Copy from the first line below down to and including the line with "제너럴아이디어 로고 브이넥 가디건 네이비 2". Skip the pictures.

+++++

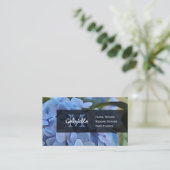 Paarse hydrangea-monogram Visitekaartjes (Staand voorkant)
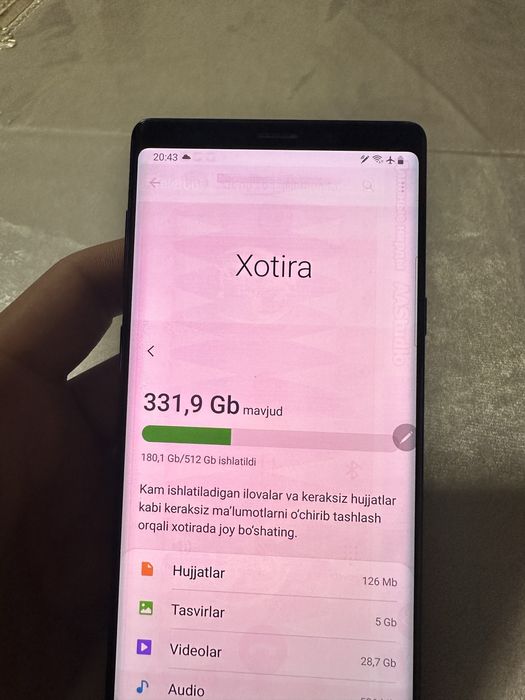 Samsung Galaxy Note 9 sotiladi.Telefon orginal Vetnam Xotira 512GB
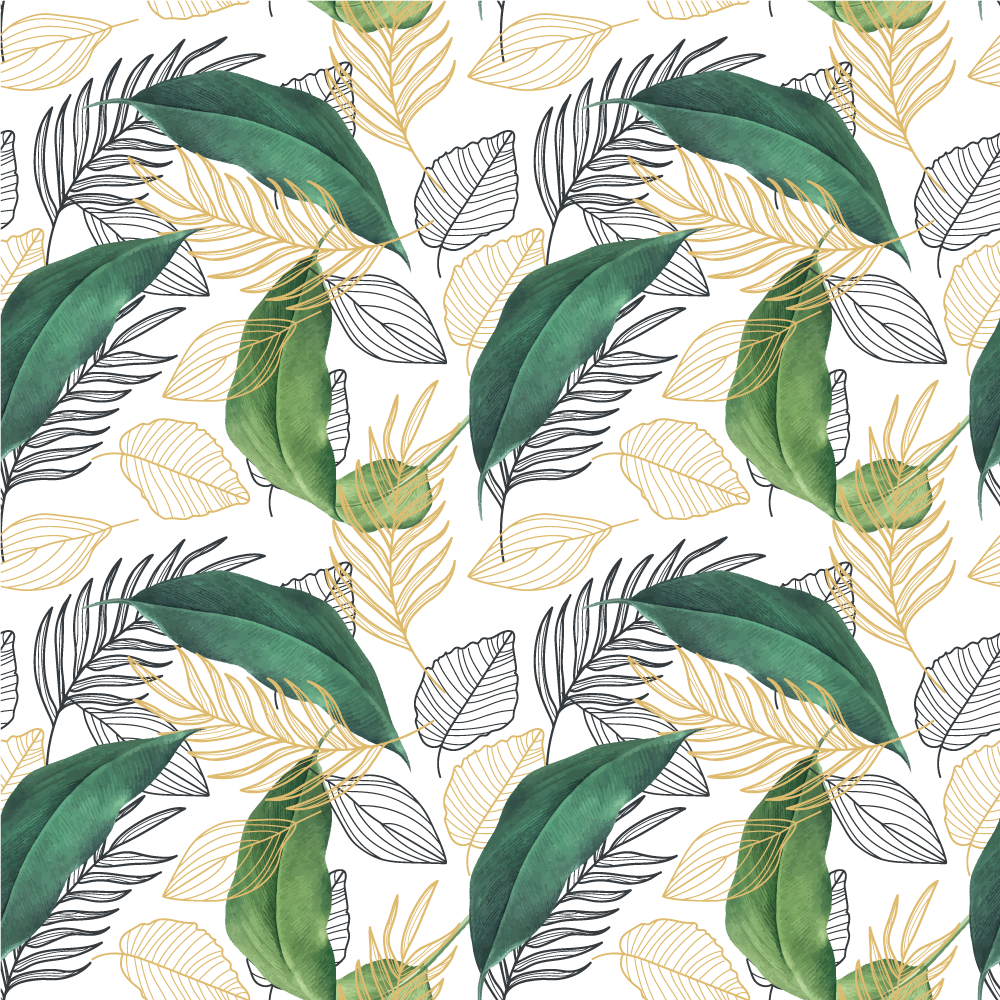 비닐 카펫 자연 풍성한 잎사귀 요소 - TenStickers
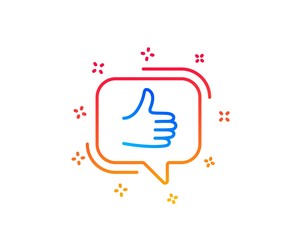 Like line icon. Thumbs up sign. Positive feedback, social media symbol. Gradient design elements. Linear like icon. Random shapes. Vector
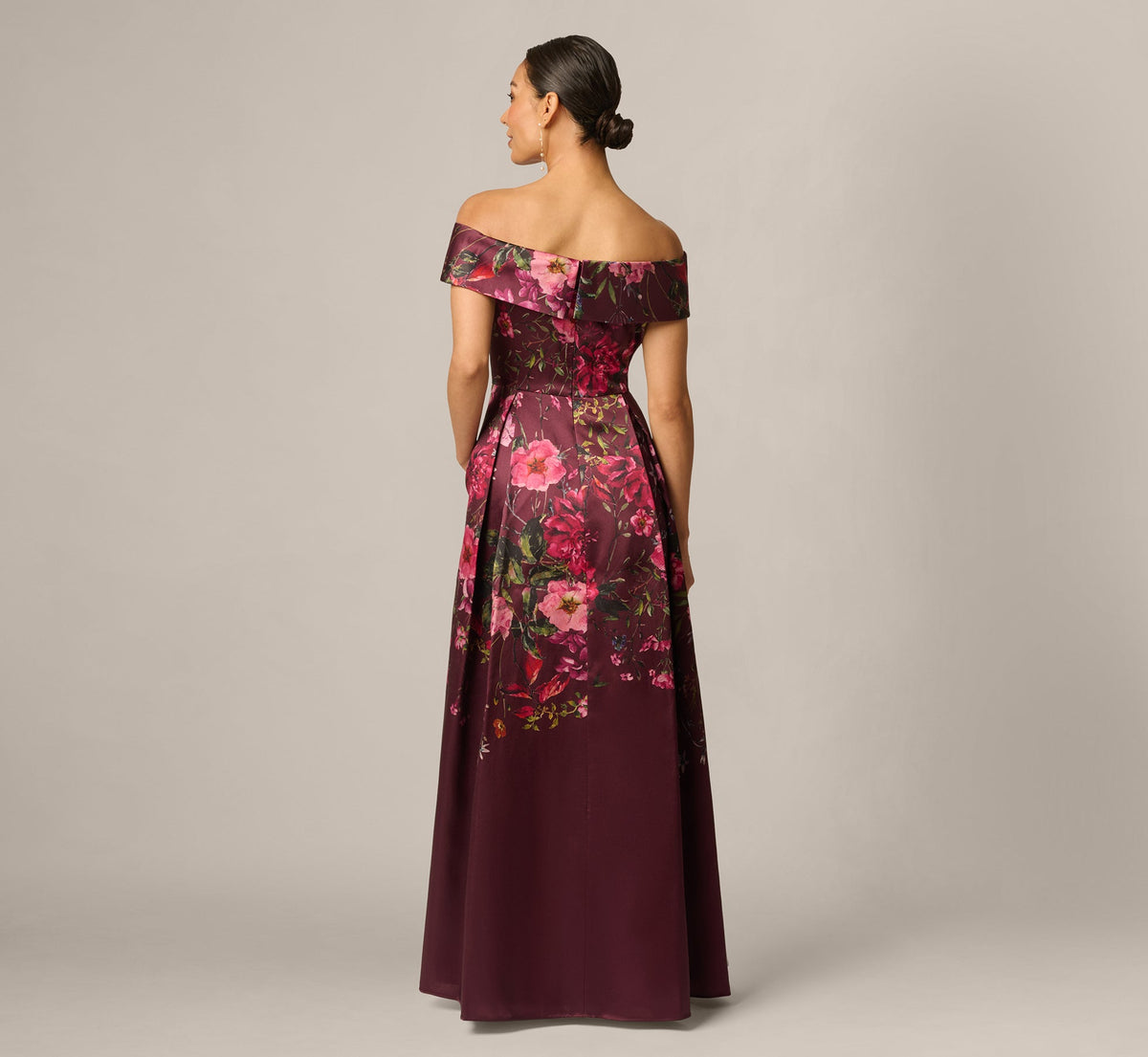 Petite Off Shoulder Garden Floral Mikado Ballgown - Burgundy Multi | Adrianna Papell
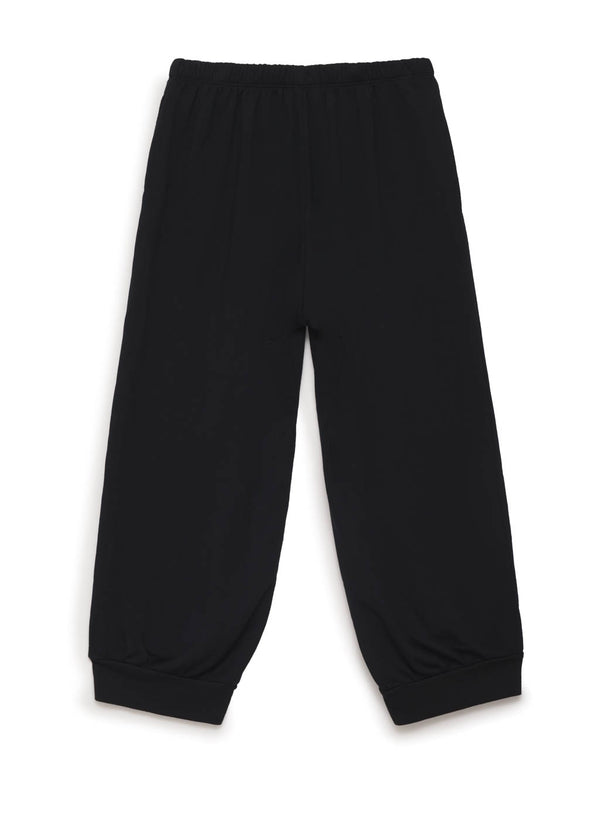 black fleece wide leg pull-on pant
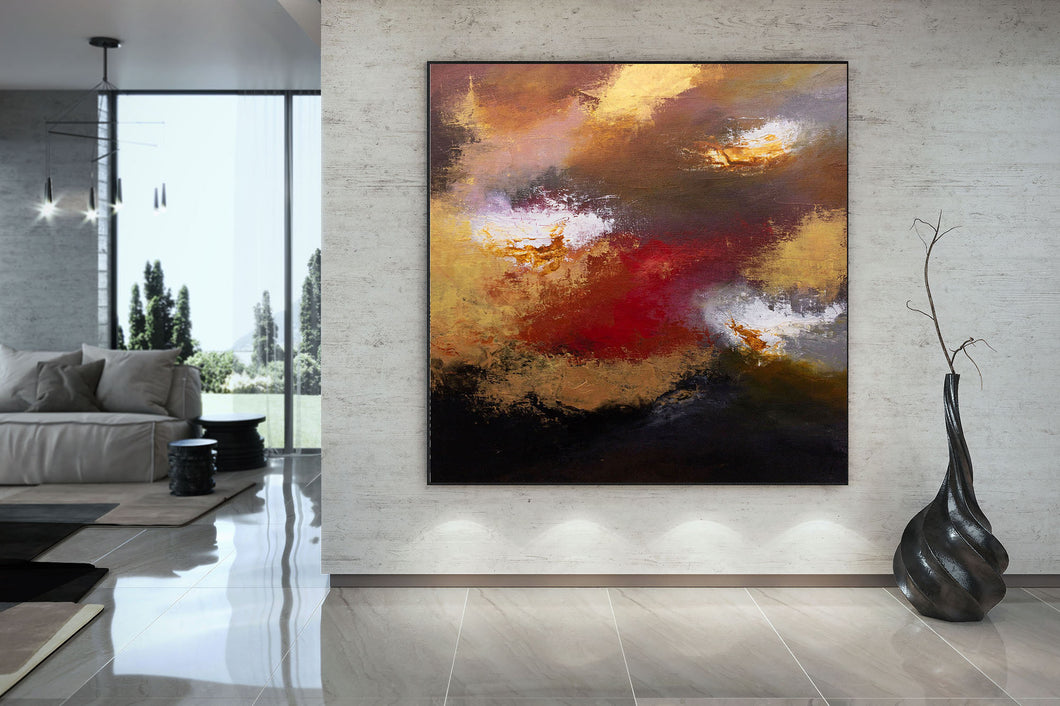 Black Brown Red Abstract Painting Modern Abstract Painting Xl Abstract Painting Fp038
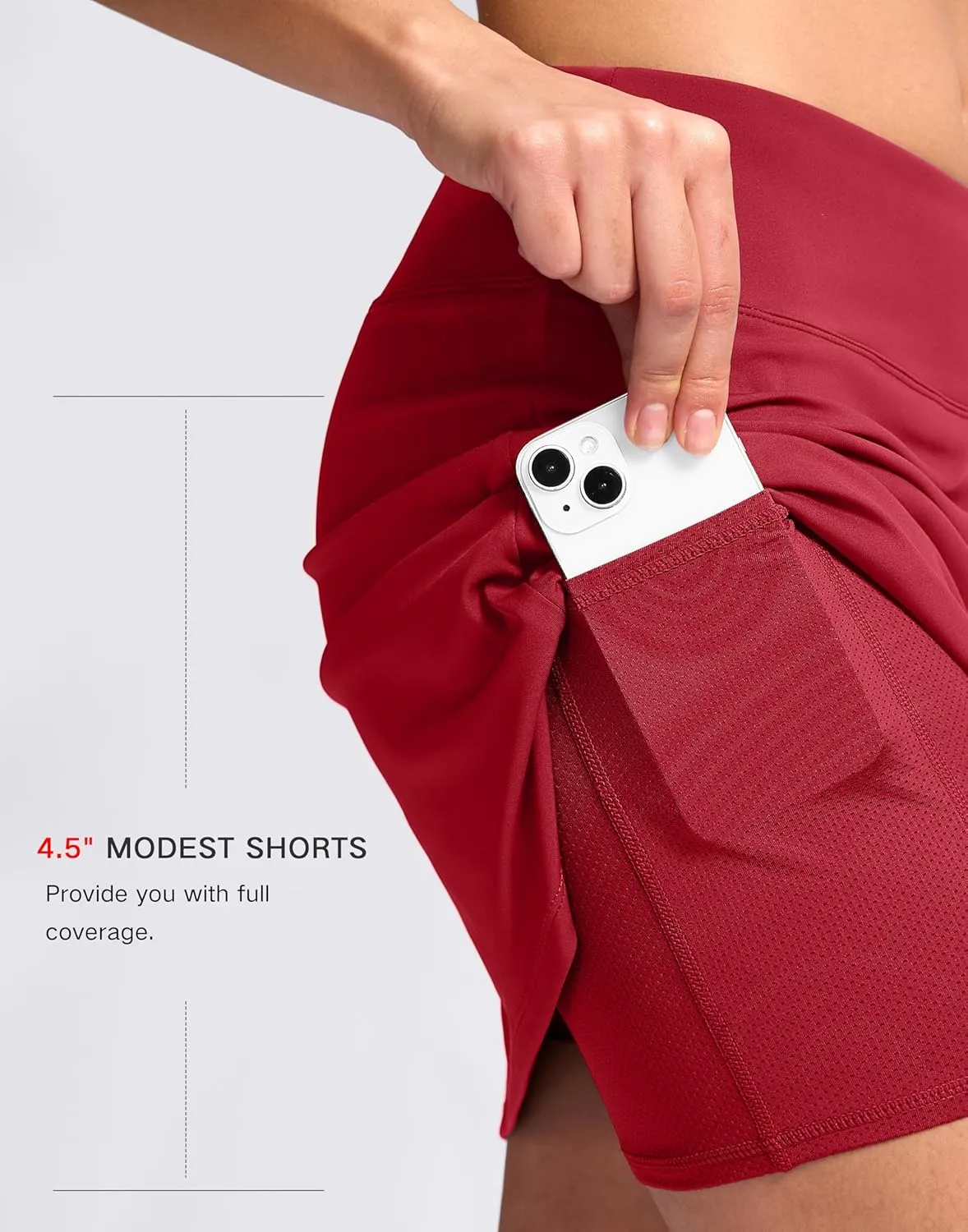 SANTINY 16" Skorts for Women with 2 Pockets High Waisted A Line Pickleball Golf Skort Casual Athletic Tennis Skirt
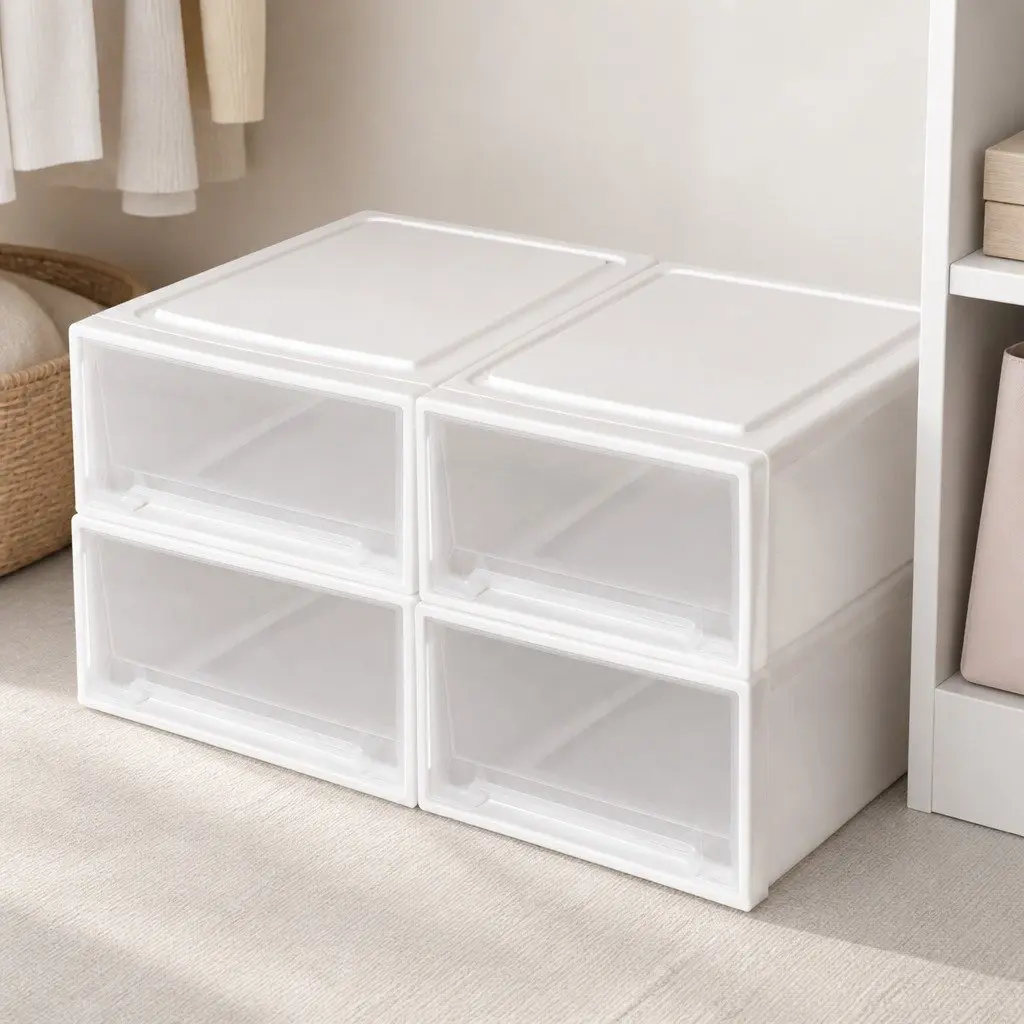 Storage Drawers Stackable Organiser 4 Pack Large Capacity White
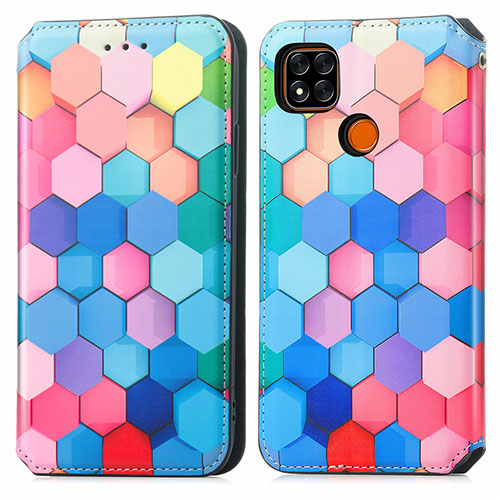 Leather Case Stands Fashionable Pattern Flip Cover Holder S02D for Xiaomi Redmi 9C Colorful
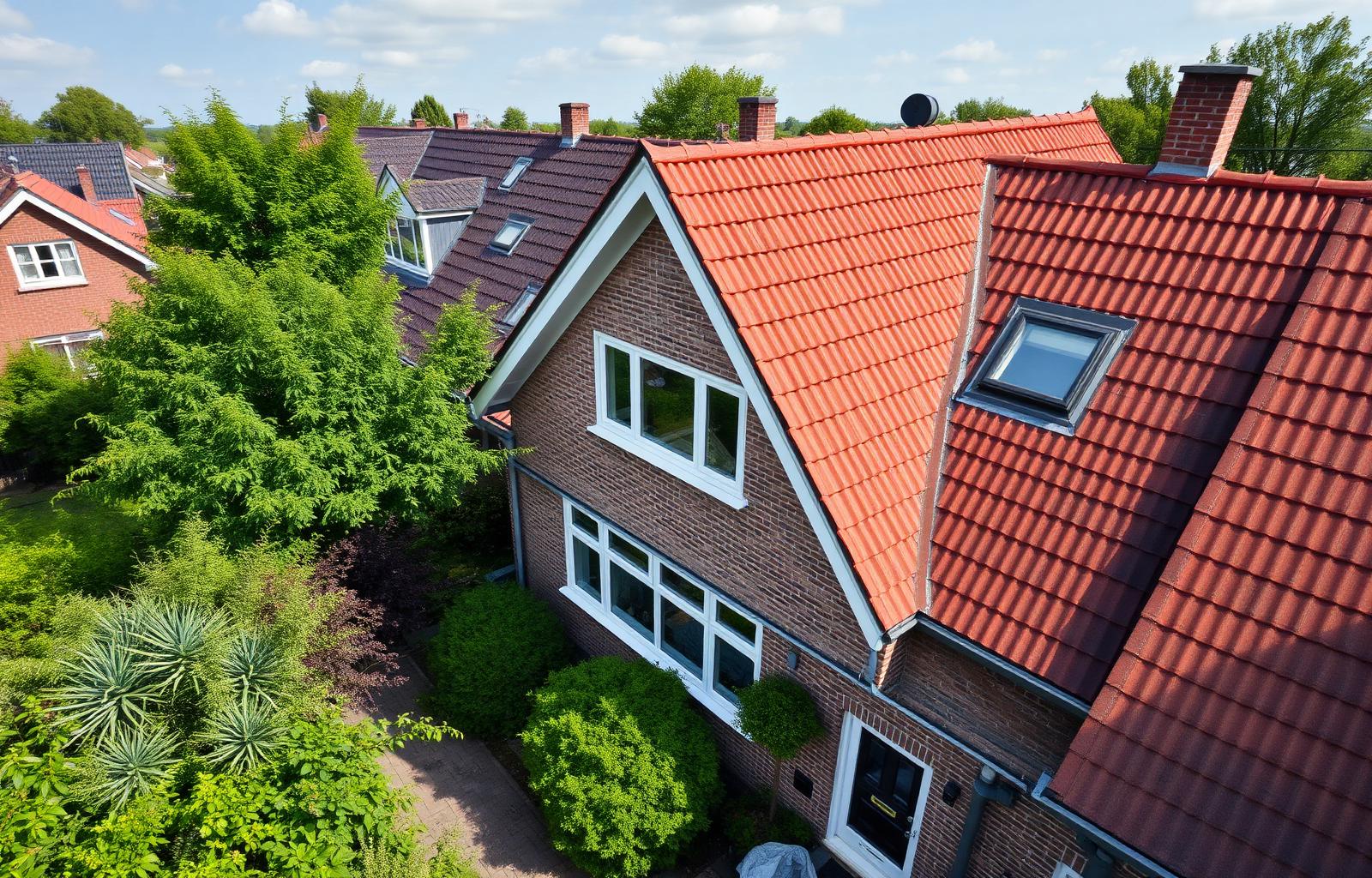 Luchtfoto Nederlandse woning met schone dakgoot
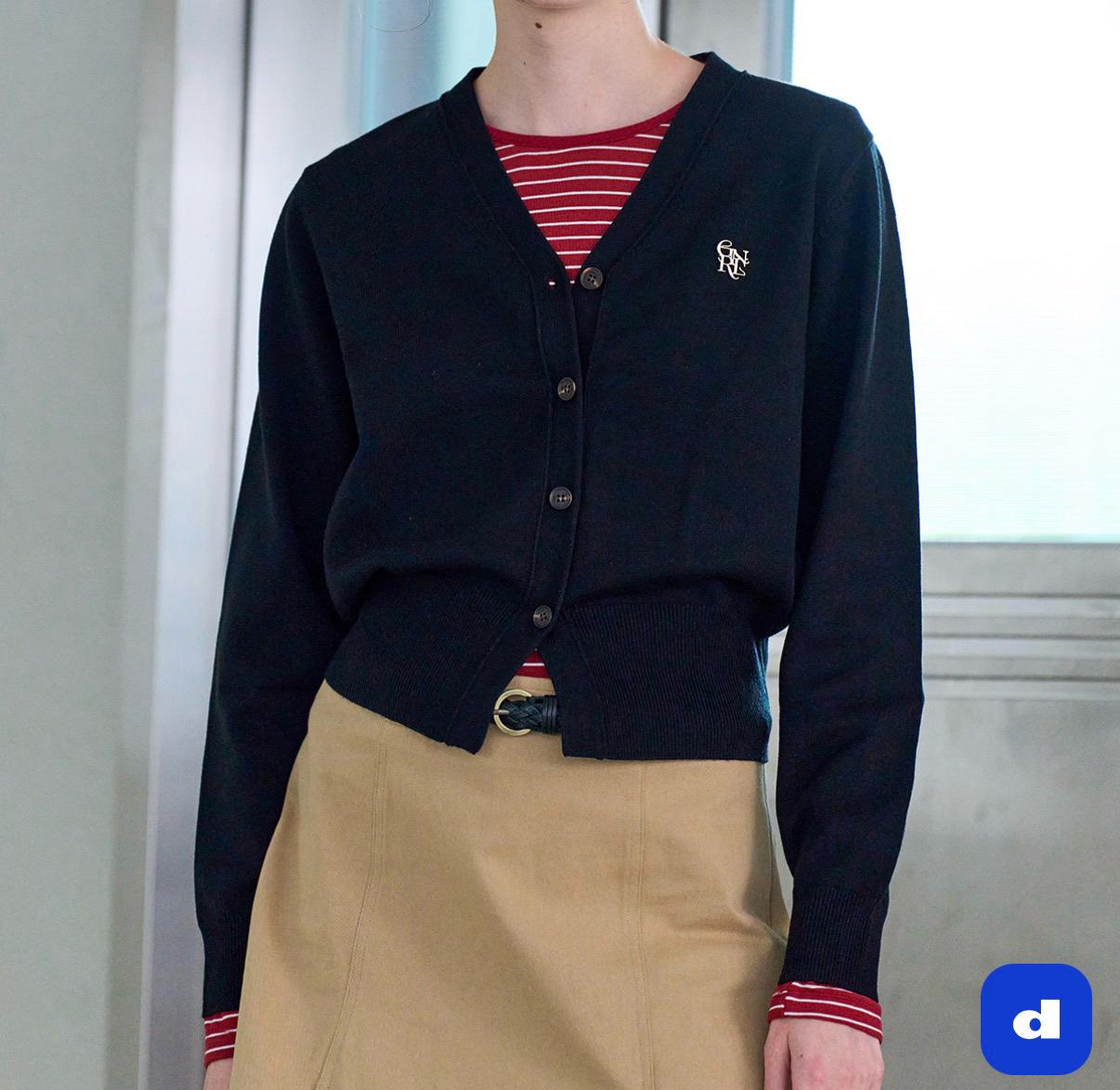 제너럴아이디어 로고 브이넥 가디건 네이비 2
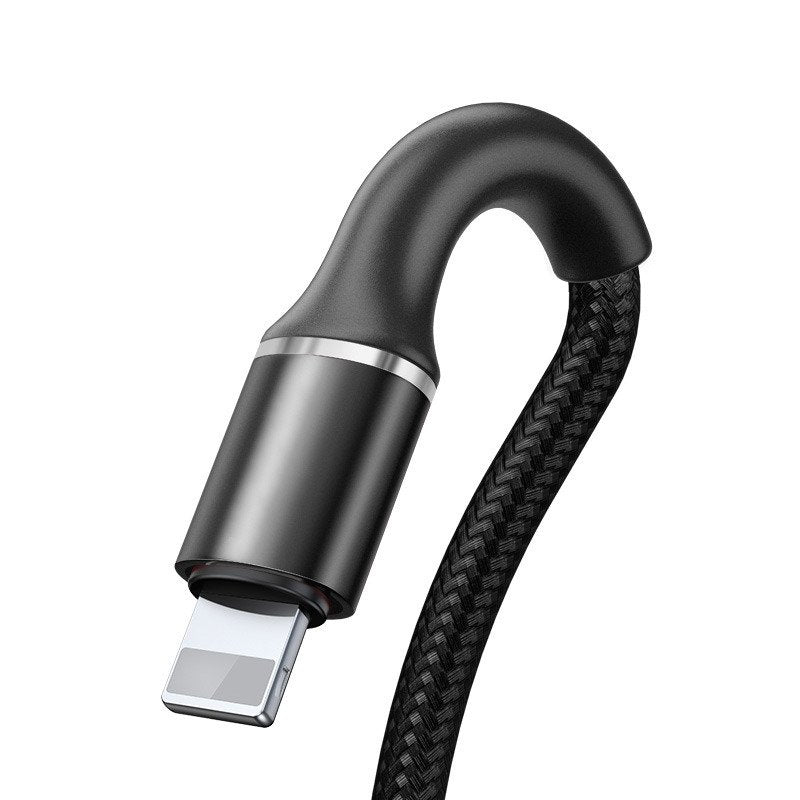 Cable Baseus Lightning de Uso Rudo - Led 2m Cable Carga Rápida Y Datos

+++++

### SOLUTION TO THE EXERCISE
 Paarse hydrangea-monogram Visitekaartjes (Staand voorkant)
 Samsung Galaxy Note 9 sotiladi.Telefon orginal Vetnam Xotira 512GB
 비닐 카펫 자연 풍성한 잎사귀 요소 - TenStickers
 Like line icon. Thumbs up sign. Positive feedback, social media symbol. Gradient design elements. Linear like icon. Random shapes. Vector
 Petite Off Shoulder Garden Floral Mikado Ballgown - Burgundy Multi | Adrianna Papell
 black fleece wide leg pull-on pant
 Black Brown Red Abstract Painting Modern Abstract Painting Xl Abstract Painting Fp038
 SANTINY 16" Skorts for Women with 2 Pockets High Waisted A Line Pickleball Golf Skort Casual Athletic Tennis Skirt
 Storage Drawers Stackable Organiser 4 Pack Large Capacity White
 Leather Case Stands Fashionable Pattern Flip Cover Holder S02D for Xiaomi Redmi 9C Colorful
 Luchtfoto Nederlandse woning met schone dakgoot
 제너럴아이디어 로고 브이넥 가디건 네이비 2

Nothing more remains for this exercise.